# What to work on:
Return the lines of the material below exactly, beginning with the line that has "NIKE　2005〜06 アーセナル　ハイバリー　アンリ　長袖" in it and finishing with the line that has "コーチ COACH ファッション小物" in it. Leave all pictures aside.

# Exercise material:
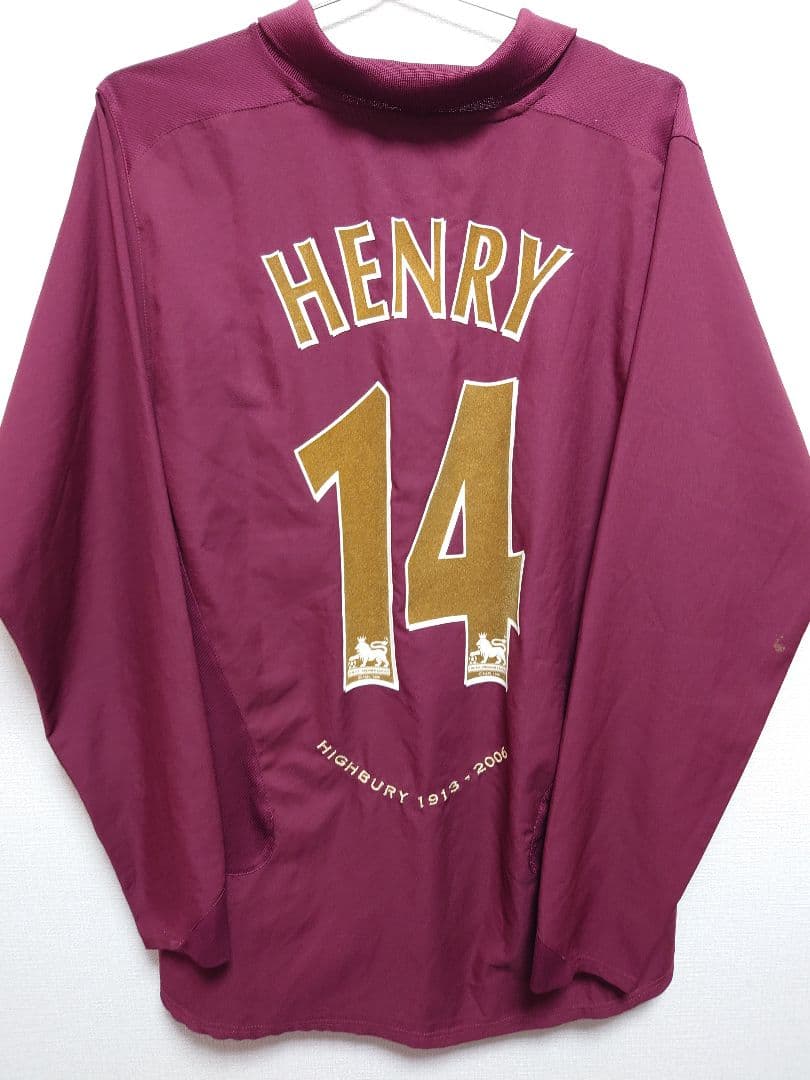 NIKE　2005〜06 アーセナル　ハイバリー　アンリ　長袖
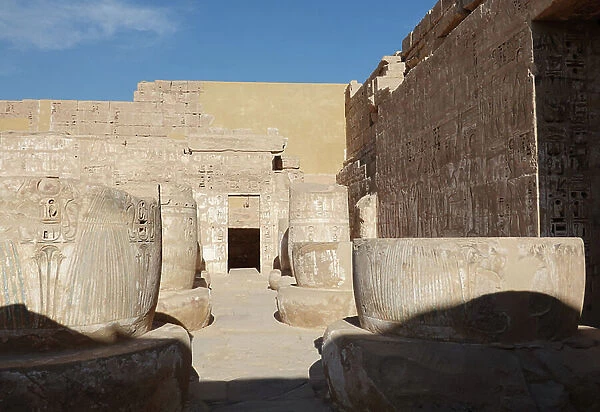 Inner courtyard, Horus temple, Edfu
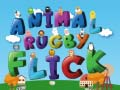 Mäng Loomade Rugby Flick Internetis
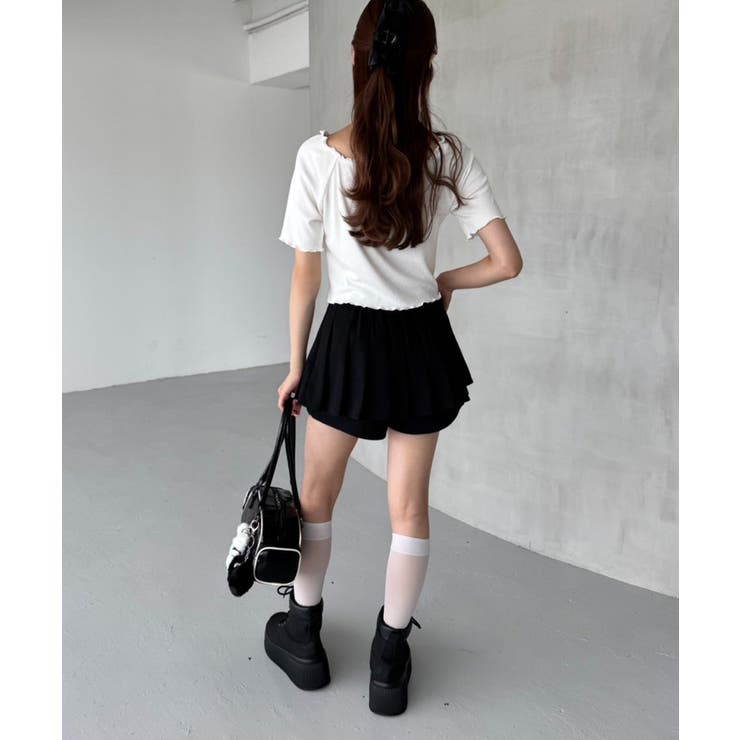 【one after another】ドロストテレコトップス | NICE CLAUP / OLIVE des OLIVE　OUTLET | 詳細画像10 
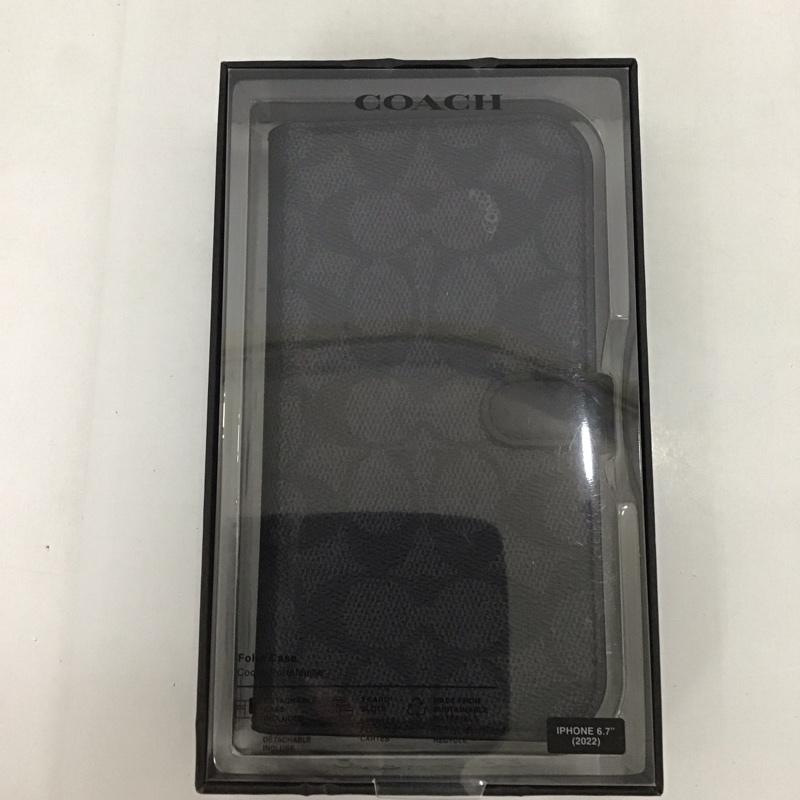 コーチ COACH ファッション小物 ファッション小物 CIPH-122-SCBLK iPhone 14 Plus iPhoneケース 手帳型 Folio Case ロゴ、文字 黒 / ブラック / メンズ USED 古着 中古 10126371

==

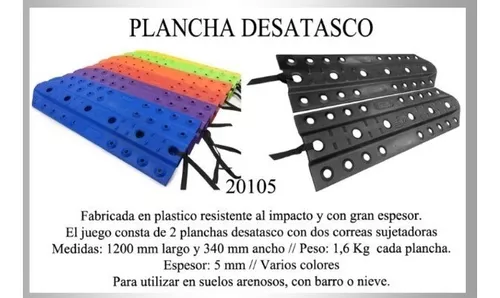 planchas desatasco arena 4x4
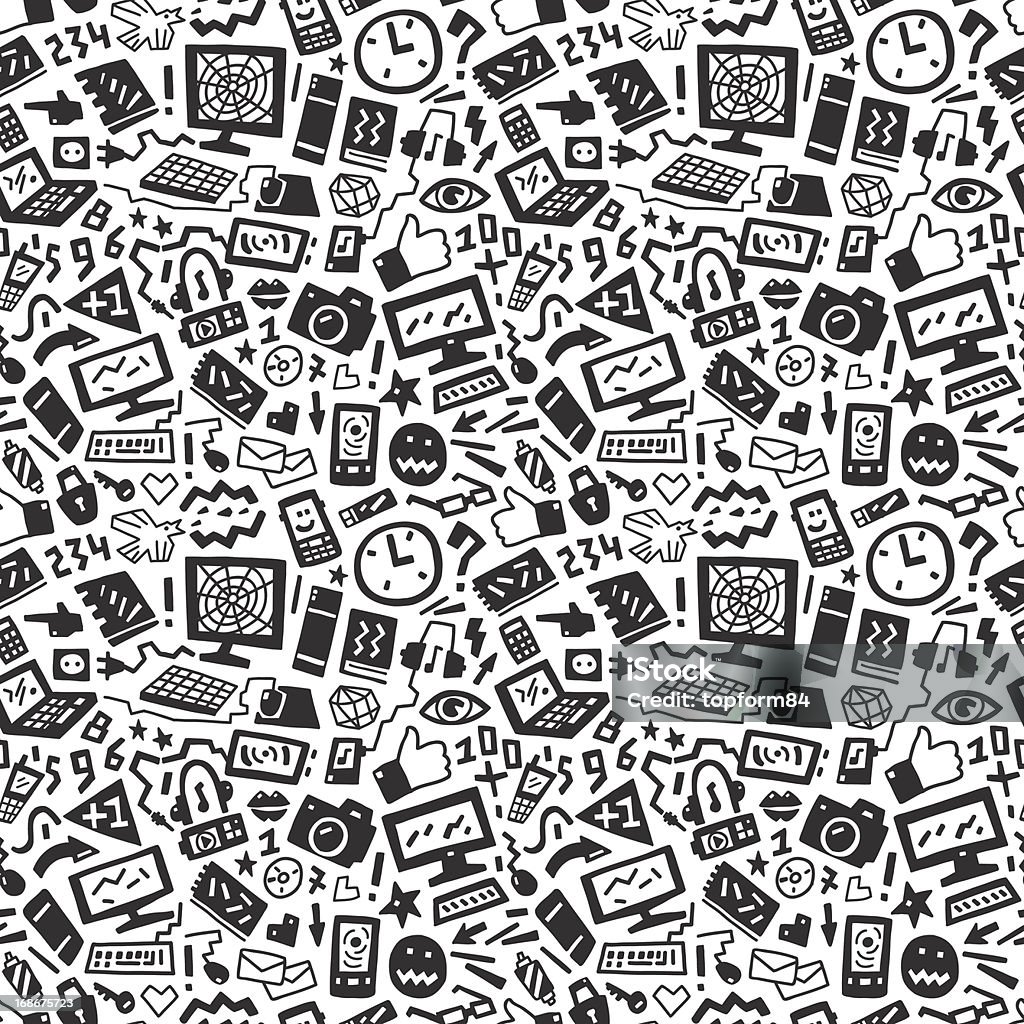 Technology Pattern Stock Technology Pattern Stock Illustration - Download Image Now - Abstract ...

# Output for this exercise:
 NIKE　2005〜06 アーセナル　ハイバリー　アンリ　長袖
 Inner courtyard, Horus temple, Edfu
 Mäng Loomade Rugby Flick Internetis
 【one after another】ドロストテレコトップス | NICE CLAUP / OLIVE des OLIVE　OUTLET | 詳細画像10 
 コーチ COACH ファッション小物 ファッション小物 CIPH-122-SCBLK iPhone 14 Plus iPhoneケース 手帳型 Folio Case ロゴ、文字 黒 / ブラック / メンズ USED 古着 中古 10126371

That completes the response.